Final measurement of snow in Sierra shows water-rich snowpack at 190% of normal

Monday was the final manual snow survey at Phillips Station in the Sierra Nevada, and the snowpack is still measured at a healthy 190 percent of the May 1 long-term average of Snow Water Equivalent (SWE) which is 14.6 inches. Today's measurement was 27.8 inches.

The survey was conducted by the Department of Water Resources (DWR).

Electronic measurements statewide show a snowpack of 42.5 inches which is 196 percent of average. The SWE of the northern Sierra snowpack is 39.9 inches (199 percent of average); the central and southern Sierra readings are 47.1 inches (202 percent of average) and 37.6 inches (180 percent of average), respectively.

Hydrologists use these figures to forecast the spring and summer snowmelt runoff into rivers and reservoirs. The melting snow supplies approximately one-third of the water used by Californians.

"California’s cities and farms can expect good water supplies this summer,” said DWR Acting Director Bill Croyle. “But this ample snowpack should not wash away memories of the intense drought of 2012-2016. California’s precipitation is the most variable in the nation, and we cannot afford to stop conserving water.”

Snowpack water content is measured manually on or near the first of the month from
January to May. The Phillips snow course, near the intersection of Highway 50 and
Sierra-at-Tahoe Road, is one of hundreds surveyed manually throughout the winter.
Manual measurements augment the electronic readings from about 100 sensors in the
state’s mountains that provide a current snapshot of the snowpack’s water content.
The first of April is normally when snowpack water content is at its peak.

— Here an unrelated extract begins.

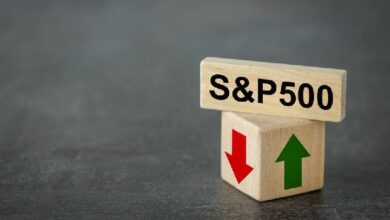 IA predice el índice S&P 500 para fin de año: ¡Descubre las proyecciones ahora! - Cripto Boom
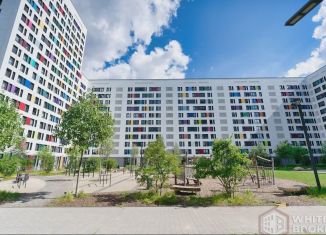 Продажа пятикомнатной квартиры, 150 м2, Москва, Берёзовая аллея, 17к2, метро Ботанический сад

Frank Gehrke, chief of the California Cooperative Snow Surveys Program, conducted
DWR’s survey today at Phillips near Sierra-at-Tahoe and said of his findings, 2017 has been “an extremely good year in terms of the snowpack.”

Gehrke said the snowpack is encouraging in terms of surface water supplies. “The thing we’re looking out for is primarily the southern Sierra, where we have full reservoirs and in some cases a huge snowpack,” he said. “We want to make sure that we prudently manage that so we don’t cause any downstream issues.”

California's reservoirs are fed both by rain and snowpack runoff. A majority of the state's major reservoirs are above normal storage levels for today’s date. Lake Oroville in Butte County, the State Water Project's (SWP) principal reservoir, is 91 percent of average for the date (74 percent of its 3.5-million acre-foot capacity). Shasta Lake north of Redding, the federal Central Valley Project's largest reservoir with a capacity of 4.5 million acrefeet, is at 109 percent of average (94 percent of capacity).

Earlier this month, DWR increased its estimate of this year’s SWP supply to 100 percent of requests for contractors north of the Sacramento-San Joaquin Delta and 85 percent of requests for other contractors, the highest since the 100-percent allocation in 2006.